-- Material provided follows --

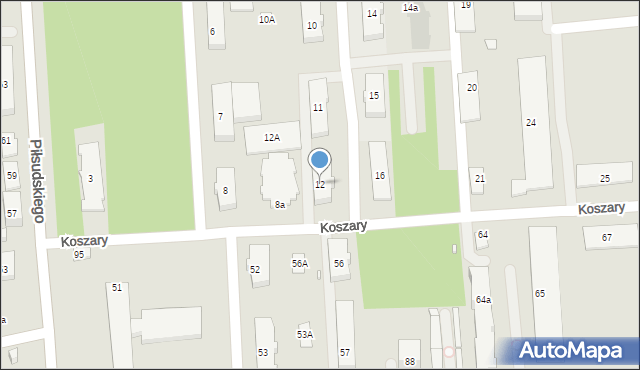 Zamość, Koszary, 12, mapa Zamościa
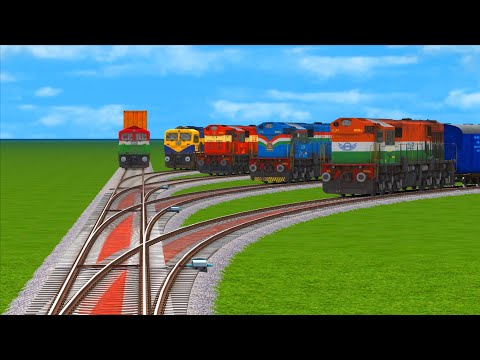 5 TRAINS ON 5 LINE BRANCHED VERY SHARP BENDING RAILROAD TRACK #50 BeamNG.Drive-Train Simulator 2022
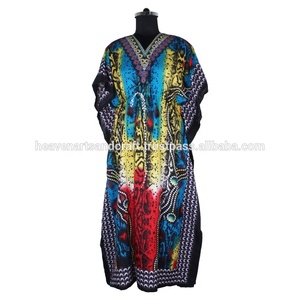 Caftán largo con estampado de seda de estilo Vintage, caftán con estampado a mano, caftán indio hecho a mano, caftán Abaya, caftán árabe, Jalabiya Dubai - Product Image 2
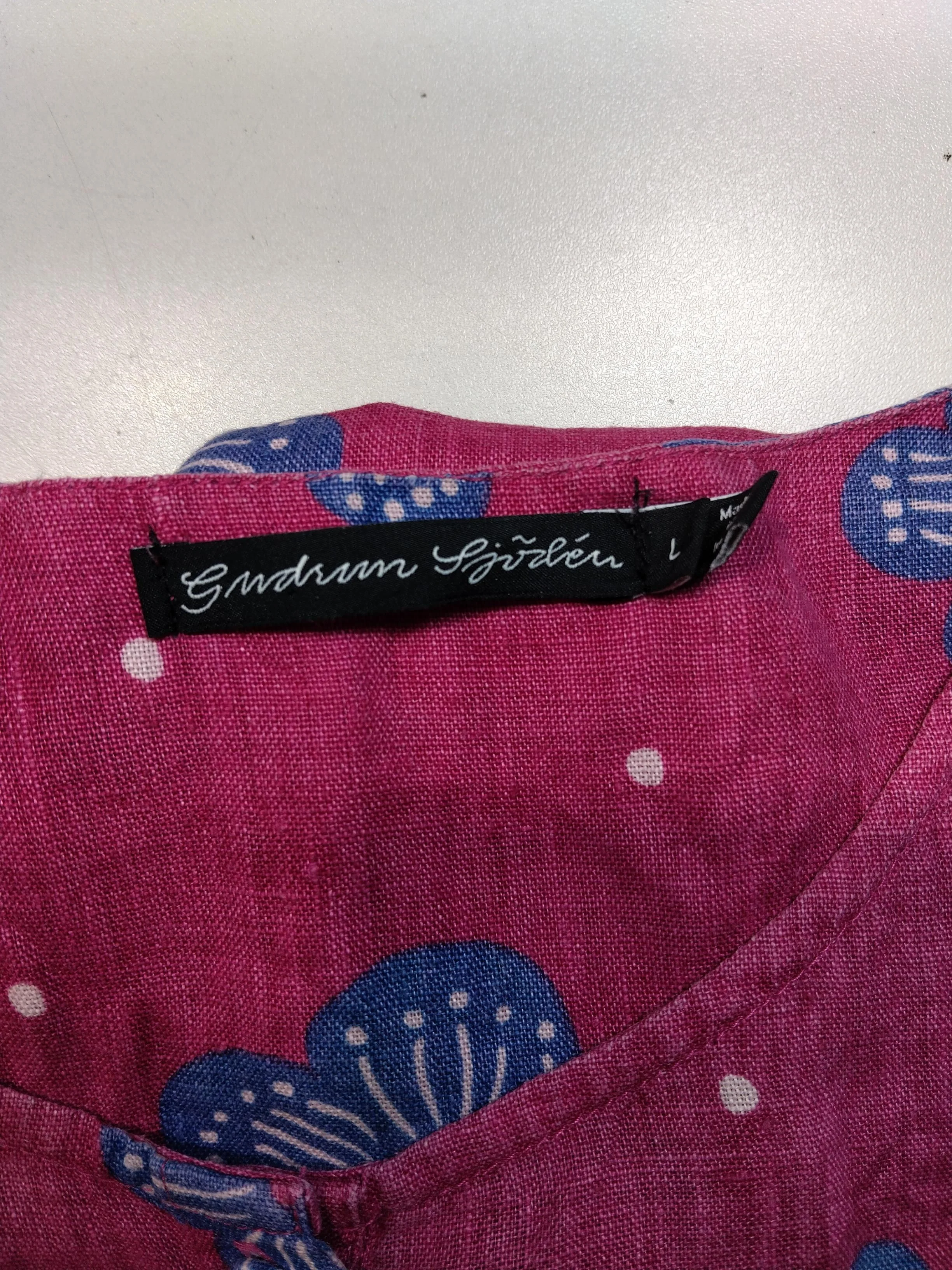 Gudrun Sjöden Women's Top L Pink Floral 100% Linen Short Sleeve Round Neck Tunic - Image 5
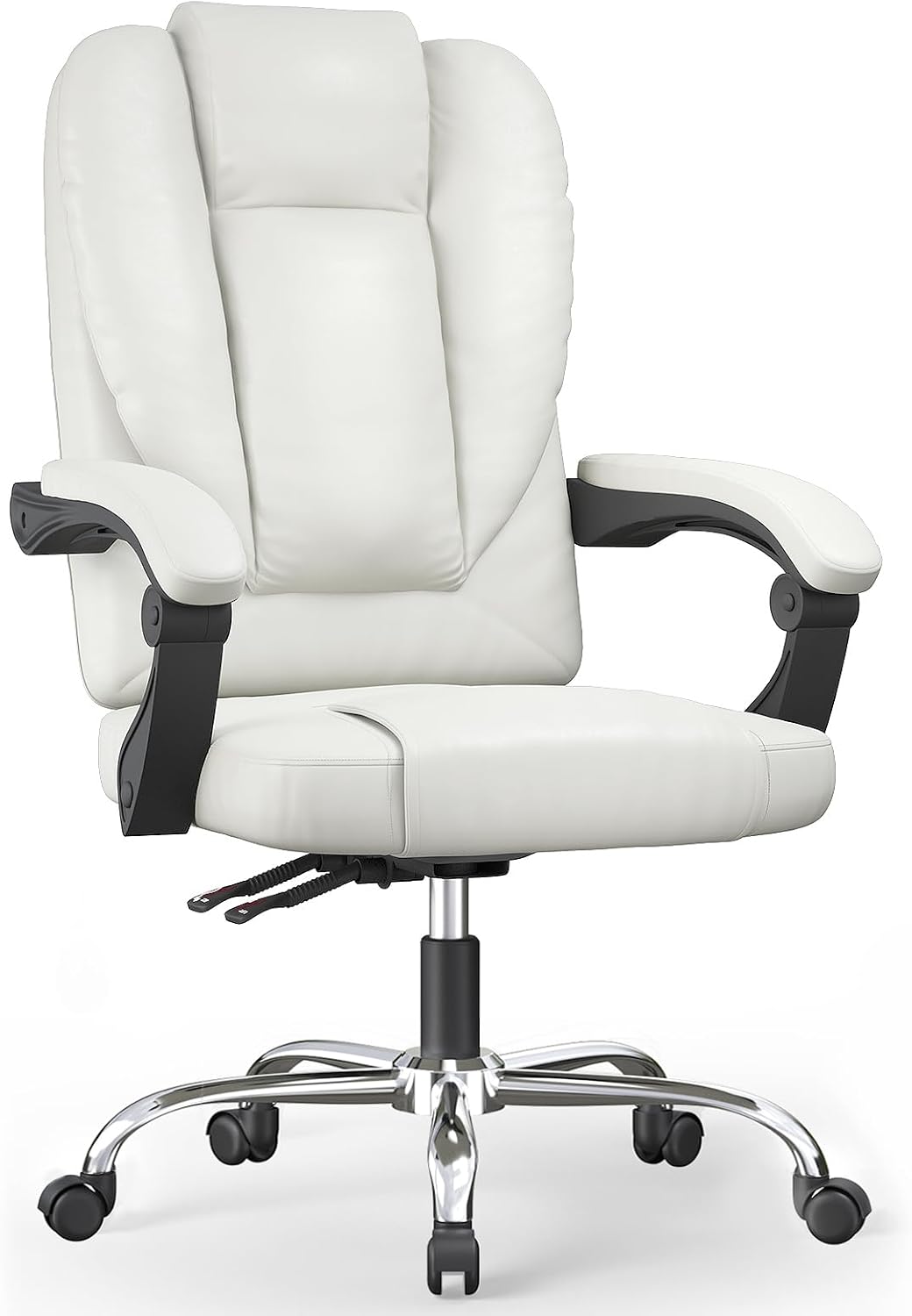 naspaluro Executive Ergonomic Office Desk Chair with Springs/Armrests, Comfy Big Tall Fabric Computer Work Chair, Heavy Duty Cross Legged Study Chairs, High Back Home Office Swivel White Chair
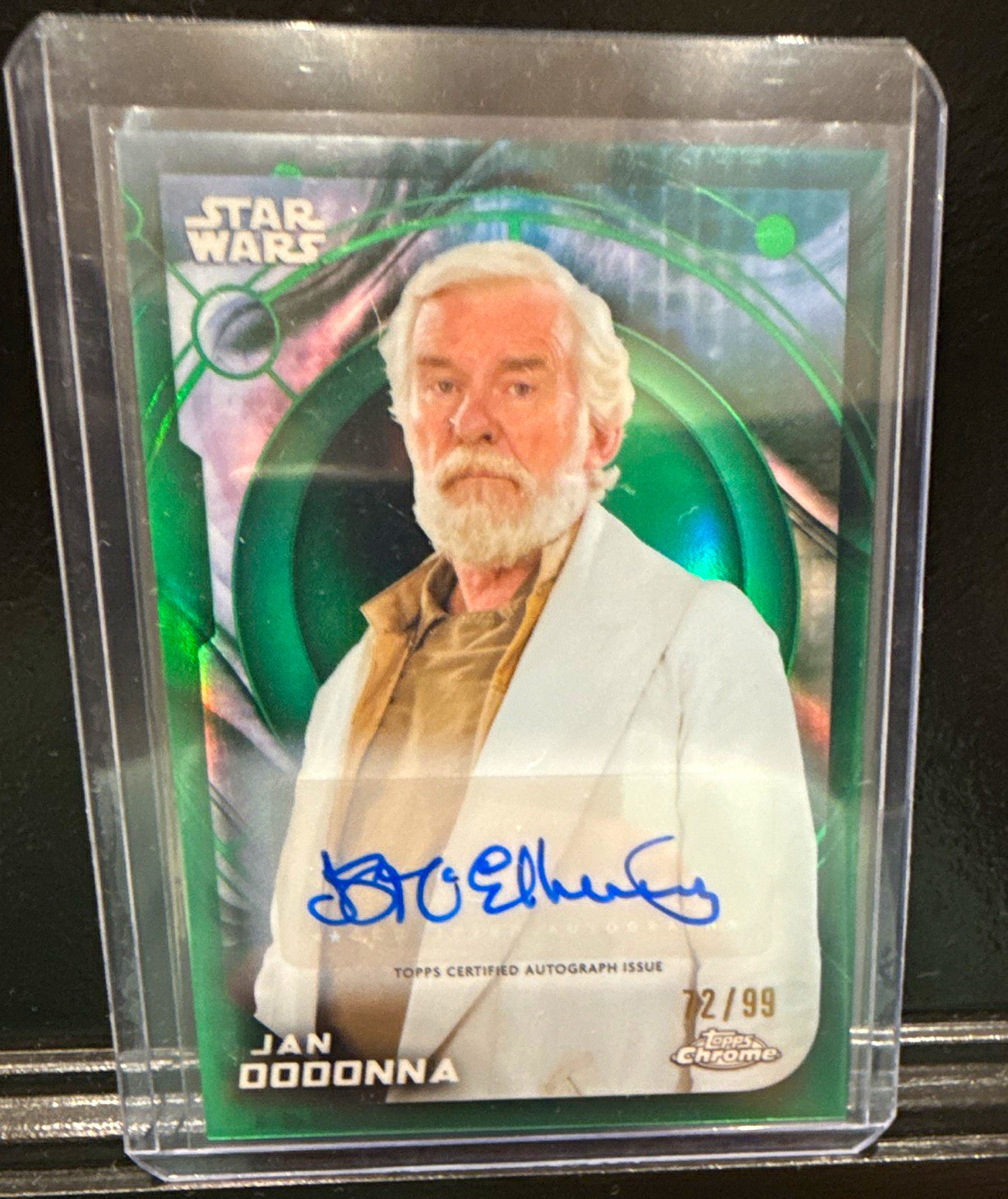 Topps 2022 Topps Chrome Star Wars Jan Dodonna Green Hard Signed Auto 72/99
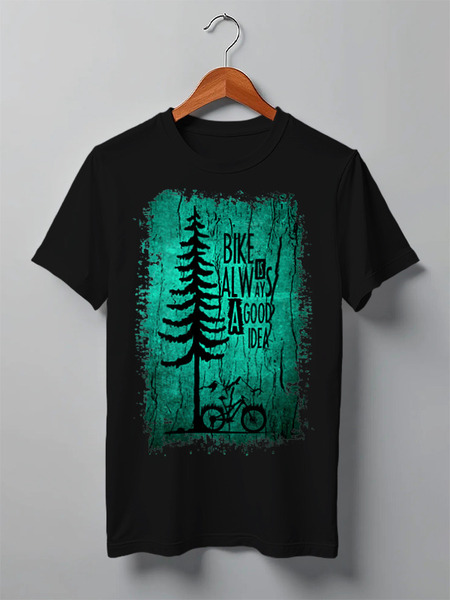 Заказать мужскую футболку в Москве. Футболка классическая Mountain Bike от oneredfoxstore@gmail.com - готовые дизайны и нанесение принтов.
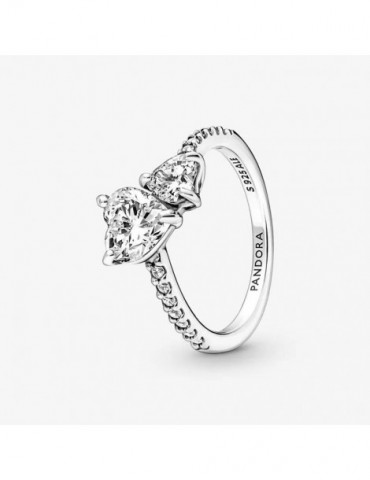 PANDORA Bague Scintillante Cœur Double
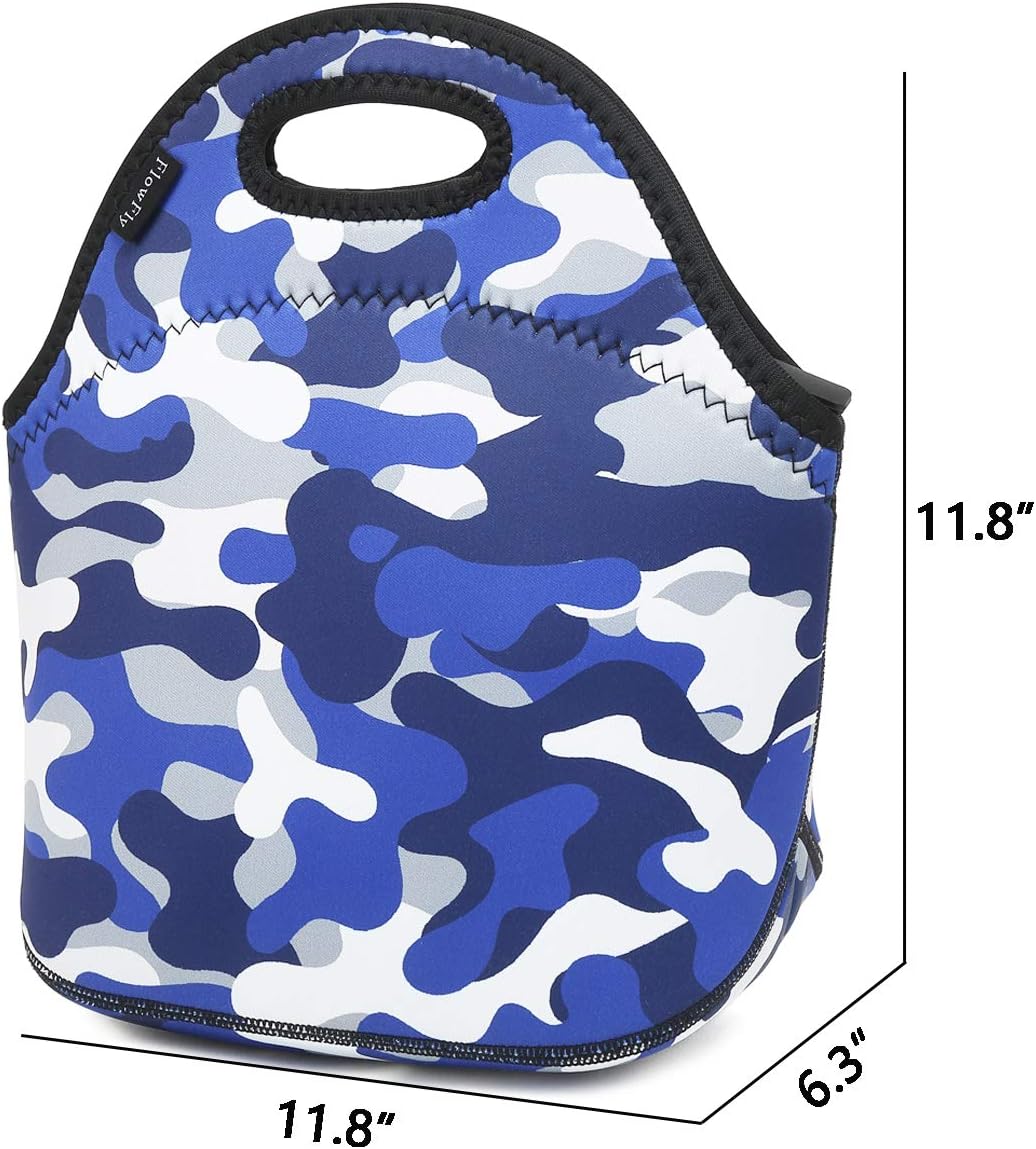 FlowFly Neoprene kids Lunch box Insulated Soft Bag Mini Cooler Thermal Meal Tote Kit for Boys, Girls,Men,Women,School,Work, Office, Blue Camo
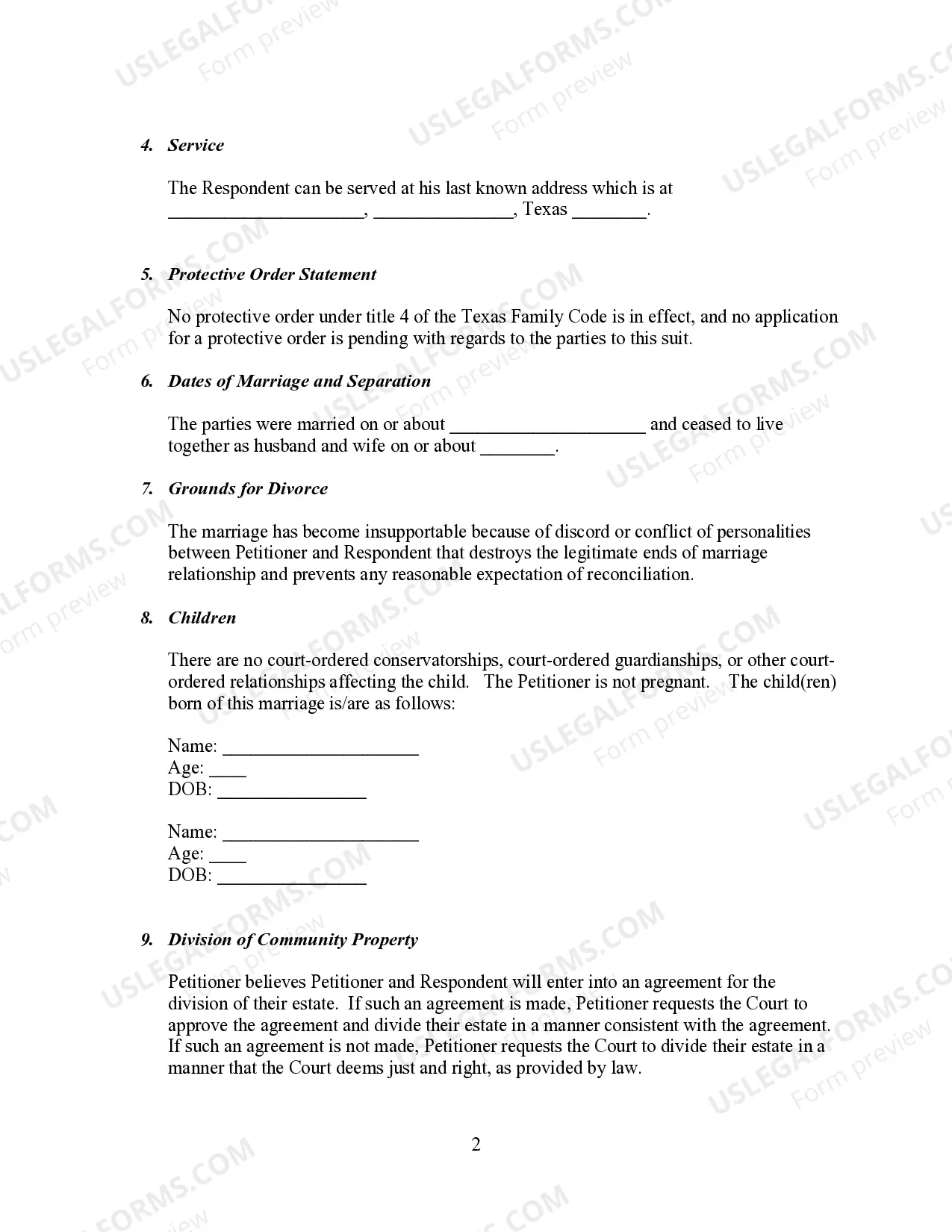 Preview Petition for Divorce and Temporary Orders on Child Custody and Support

-- Material provided concluded --

**What is required**: What is needed is a word-for-word transcription of all the entries, with the pictures dropped.

**Written answer**:
 Zamość, Koszary, 12, mapa Zamościa
 5 TRAINS ON 5 LINE BRANCHED VERY SHARP BENDING RAILROAD TRACK #50 BeamNG.Drive-Train Simulator 2022
 Caftán largo con estampado de seda de estilo Vintage, caftán con estampado a mano, caftán indio hecho a mano, caftán Abaya, caftán árabe, Jalabiya Dubai - Product Image 2
 Gudrun Sjöden Women's Top L Pink Floral 100% Linen Short Sleeve Round Neck Tunic - Image 5
 naspaluro Executive Ergonomic Office Desk Chair with Springs/Armrests, Comfy Big Tall Fabric Computer Work Chair, Heavy Duty Cross Legged Study Chairs, High Back Home Office Swivel White Chair
 Topps 2022 Topps Chrome Star Wars Jan Dodonna Green Hard Signed Auto 72/99
 Заказать мужскую футболку в Москве. Футболка классическая Mountain Bike от oneredfoxstore@gmail.com - готовые дизайны и нанесение принтов.
 PANDORA Bague Scintillante Cœur Double
 FlowFly Neoprene kids Lunch box Insulated Soft Bag Mini Cooler Thermal Meal Tote Kit for Boys, Girls,Men,Women,School,Work, Office, Blue Camo
 Preview Petition for Divorce and Temporary Orders on Child Custody and Support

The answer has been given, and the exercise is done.